The woman is reading a magazine "Looks", and there is a statue, "Venus de Milo" in between her and the mirror, Venus is the Roman goddess of beauty, so she's the epitome of perfection. She's basically trying to become perfect for her husband who is still at war… so that when he comes back home, he would still finds her appealing…she ends up painting her face grey like a marble statue, which points towards the unrealistic standards we hold ourselves to…
He comes back from the war, with an arm lost… The woman is "perfect" it makes him ashamed, but it comes out as "disgust"… so what does she do… she becomes the broken statue. Loses her "perfection" and just becomes an object for his needs and wants.
(notice how when he enters without an arm, an arm enters the puppet stage and when she covers her arm, another comes out in the puppet stage… I think it is a way of saying that the "hands that are lost, are showing the way to the kids, in a way they are being told things by hands that do not exist" types. Those hands are "enticing" the kids rn… playing with the shadows and all that…)

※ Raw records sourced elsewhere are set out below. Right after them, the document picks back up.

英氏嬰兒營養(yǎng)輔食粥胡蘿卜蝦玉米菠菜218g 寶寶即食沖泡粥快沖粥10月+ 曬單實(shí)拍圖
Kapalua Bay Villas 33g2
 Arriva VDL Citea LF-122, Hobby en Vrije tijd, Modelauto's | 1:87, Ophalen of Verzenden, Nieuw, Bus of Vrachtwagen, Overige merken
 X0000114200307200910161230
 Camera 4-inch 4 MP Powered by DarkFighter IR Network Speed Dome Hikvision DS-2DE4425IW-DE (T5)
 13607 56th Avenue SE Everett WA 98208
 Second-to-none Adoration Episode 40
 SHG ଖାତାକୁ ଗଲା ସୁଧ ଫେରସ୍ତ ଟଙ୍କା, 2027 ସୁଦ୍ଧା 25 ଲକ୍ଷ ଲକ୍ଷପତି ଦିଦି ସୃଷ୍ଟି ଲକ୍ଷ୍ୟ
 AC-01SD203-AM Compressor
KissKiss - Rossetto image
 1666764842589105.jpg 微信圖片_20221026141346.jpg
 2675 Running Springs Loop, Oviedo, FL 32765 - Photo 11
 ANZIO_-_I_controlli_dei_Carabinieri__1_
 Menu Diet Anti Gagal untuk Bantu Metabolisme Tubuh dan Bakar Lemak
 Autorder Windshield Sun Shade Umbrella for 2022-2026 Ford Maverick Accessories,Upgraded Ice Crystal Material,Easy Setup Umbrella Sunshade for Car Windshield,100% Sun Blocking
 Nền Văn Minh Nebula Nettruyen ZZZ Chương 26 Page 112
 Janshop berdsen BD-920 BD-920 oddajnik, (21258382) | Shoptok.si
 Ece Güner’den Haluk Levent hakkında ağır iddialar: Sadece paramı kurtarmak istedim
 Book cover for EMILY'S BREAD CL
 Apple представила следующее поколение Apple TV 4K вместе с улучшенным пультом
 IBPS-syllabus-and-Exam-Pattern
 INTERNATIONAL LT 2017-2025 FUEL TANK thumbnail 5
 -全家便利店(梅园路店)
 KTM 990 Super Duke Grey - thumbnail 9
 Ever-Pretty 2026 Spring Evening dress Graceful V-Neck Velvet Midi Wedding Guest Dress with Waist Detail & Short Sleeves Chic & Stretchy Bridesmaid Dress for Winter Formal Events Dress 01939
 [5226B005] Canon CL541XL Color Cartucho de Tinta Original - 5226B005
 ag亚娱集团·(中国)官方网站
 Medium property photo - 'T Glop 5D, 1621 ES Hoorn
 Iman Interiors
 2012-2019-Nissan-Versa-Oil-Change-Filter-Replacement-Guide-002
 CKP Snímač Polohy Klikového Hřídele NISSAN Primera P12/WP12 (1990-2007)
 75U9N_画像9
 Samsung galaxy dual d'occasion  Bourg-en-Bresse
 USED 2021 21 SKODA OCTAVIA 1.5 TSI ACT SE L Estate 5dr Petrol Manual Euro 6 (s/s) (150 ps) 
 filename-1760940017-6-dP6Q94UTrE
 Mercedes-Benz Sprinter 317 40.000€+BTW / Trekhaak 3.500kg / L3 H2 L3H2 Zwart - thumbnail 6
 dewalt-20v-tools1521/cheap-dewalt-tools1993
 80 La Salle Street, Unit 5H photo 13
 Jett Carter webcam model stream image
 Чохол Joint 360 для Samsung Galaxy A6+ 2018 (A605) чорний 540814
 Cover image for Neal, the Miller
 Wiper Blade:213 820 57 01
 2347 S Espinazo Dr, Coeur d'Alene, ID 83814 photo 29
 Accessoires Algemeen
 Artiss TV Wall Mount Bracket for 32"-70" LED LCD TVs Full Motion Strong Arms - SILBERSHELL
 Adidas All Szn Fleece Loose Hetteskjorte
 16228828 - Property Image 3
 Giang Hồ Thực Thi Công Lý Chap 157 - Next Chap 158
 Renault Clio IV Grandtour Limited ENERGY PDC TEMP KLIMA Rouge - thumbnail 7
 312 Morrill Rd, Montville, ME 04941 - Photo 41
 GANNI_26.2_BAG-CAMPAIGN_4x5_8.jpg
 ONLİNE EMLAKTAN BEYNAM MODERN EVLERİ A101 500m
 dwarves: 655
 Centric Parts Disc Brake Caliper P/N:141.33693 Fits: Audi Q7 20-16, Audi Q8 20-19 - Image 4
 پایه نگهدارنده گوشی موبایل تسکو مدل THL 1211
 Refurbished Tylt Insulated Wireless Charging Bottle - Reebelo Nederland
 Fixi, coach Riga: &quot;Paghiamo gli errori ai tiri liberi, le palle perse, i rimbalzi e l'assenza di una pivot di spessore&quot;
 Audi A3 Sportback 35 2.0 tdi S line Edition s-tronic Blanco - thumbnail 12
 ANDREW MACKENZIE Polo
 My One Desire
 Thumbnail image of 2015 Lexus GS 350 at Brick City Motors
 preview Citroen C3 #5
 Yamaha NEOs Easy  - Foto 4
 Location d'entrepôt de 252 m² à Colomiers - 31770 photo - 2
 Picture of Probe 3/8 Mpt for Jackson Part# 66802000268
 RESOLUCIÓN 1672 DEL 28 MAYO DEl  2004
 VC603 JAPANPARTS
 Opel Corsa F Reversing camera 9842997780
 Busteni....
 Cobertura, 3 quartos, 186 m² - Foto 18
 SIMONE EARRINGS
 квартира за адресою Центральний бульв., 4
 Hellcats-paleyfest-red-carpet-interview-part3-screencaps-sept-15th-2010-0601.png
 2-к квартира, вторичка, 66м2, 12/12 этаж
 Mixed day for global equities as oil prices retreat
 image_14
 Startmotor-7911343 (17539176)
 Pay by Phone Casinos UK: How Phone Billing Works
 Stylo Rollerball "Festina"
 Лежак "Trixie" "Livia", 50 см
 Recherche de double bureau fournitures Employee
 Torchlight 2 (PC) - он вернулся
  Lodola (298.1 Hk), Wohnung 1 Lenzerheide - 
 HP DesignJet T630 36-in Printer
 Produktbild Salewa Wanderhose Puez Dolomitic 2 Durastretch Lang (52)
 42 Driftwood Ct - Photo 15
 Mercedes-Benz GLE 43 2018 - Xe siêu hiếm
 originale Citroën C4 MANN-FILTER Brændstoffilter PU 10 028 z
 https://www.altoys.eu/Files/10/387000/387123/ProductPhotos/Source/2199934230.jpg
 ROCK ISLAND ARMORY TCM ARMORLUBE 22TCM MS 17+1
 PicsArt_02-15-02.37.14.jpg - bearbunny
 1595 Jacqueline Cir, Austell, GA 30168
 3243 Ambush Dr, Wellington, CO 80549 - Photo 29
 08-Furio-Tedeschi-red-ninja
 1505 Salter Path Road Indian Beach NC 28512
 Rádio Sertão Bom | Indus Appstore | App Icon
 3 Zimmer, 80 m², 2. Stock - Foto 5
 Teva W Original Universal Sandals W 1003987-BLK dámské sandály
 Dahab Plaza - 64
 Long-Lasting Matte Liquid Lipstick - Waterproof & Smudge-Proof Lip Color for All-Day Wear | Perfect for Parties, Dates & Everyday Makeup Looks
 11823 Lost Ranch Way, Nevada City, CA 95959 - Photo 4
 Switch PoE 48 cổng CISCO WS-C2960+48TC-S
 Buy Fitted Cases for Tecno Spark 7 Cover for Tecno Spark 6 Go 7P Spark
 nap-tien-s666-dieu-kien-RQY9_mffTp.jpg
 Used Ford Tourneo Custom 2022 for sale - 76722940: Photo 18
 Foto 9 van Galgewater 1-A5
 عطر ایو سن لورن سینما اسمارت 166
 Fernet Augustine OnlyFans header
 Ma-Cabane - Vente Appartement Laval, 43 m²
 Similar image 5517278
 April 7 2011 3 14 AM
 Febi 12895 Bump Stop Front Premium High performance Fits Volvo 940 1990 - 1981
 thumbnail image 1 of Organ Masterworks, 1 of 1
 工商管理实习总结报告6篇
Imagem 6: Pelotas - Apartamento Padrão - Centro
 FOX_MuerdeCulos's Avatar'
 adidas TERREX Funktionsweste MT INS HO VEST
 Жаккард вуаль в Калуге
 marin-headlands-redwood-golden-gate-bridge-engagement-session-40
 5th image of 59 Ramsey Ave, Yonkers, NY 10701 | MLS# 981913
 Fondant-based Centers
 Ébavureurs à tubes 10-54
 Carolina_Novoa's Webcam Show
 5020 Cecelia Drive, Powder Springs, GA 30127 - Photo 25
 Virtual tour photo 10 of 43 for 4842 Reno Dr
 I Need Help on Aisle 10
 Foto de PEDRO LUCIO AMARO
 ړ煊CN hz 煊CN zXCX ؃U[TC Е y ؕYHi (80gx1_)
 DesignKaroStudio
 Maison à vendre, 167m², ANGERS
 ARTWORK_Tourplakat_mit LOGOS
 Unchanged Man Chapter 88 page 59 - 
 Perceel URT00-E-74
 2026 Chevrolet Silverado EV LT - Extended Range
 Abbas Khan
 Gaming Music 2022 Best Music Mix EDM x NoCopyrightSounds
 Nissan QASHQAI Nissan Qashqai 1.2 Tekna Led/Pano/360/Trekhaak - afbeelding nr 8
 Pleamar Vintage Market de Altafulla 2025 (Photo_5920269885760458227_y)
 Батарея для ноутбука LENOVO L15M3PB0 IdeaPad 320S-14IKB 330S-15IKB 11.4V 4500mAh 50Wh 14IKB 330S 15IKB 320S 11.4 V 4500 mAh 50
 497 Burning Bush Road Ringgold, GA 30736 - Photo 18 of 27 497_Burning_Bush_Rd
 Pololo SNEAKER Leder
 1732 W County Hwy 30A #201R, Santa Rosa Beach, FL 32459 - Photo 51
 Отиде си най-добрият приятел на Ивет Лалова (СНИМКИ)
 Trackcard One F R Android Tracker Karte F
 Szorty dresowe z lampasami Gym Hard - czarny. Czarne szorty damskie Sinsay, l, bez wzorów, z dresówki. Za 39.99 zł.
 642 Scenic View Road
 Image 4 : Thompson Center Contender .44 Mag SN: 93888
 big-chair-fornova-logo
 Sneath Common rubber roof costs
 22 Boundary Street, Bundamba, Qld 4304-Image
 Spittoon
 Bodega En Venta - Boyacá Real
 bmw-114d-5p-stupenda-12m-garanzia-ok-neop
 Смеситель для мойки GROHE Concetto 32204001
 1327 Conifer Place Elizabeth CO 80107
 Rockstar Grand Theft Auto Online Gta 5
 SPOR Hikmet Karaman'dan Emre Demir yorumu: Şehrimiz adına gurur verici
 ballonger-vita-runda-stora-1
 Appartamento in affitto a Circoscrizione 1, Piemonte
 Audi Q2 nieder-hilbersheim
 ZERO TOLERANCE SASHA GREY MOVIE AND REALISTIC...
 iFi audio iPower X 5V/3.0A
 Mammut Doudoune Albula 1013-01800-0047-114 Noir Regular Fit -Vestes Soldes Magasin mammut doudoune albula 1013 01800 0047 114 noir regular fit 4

Back to the stage that the adults face, they see that the couple has given birth to a boy The man and the woman "loom" high above the kid, as a sign of being bigger than he is. The man shakes the boy's hand. Usually, a parent would "hug" their child… but that wasn't the case for that generation. They needed to be "tough" because how else with the kids learn to deal with the harsh world. The parents then give the kid toys… he picks up a doll, and the father, clenches his fists and then takes it away because boys do not play with dolls… Pushing the gender roles to the max, the boy becomes violent… where he starts smashing shit so what does the mother do? She disciplines him and takes away his "angry" hand (which then reappears in the puppet shows... The puppet show was only showing the happy side of the family… nothing goes wrong until the kid's hand comes in and just smashes everything and removes the "disguises" of the parents.)
The father then picks the role for the kid, and then the kid disappears (which I believe indicates that we lose ourselves trying to fit into the mold our parents choose for us)
The play ends with a hook behind them… that kind of hook is usually for hanging big fish (or meat)… and they've basically "eaten their young"
on the puppet show side, the kid's hand pulls out a fridge which shows the kids the ugly reality and therefore they are scared and they run backward
but instead of it being towards the "adults" it's into the darkness.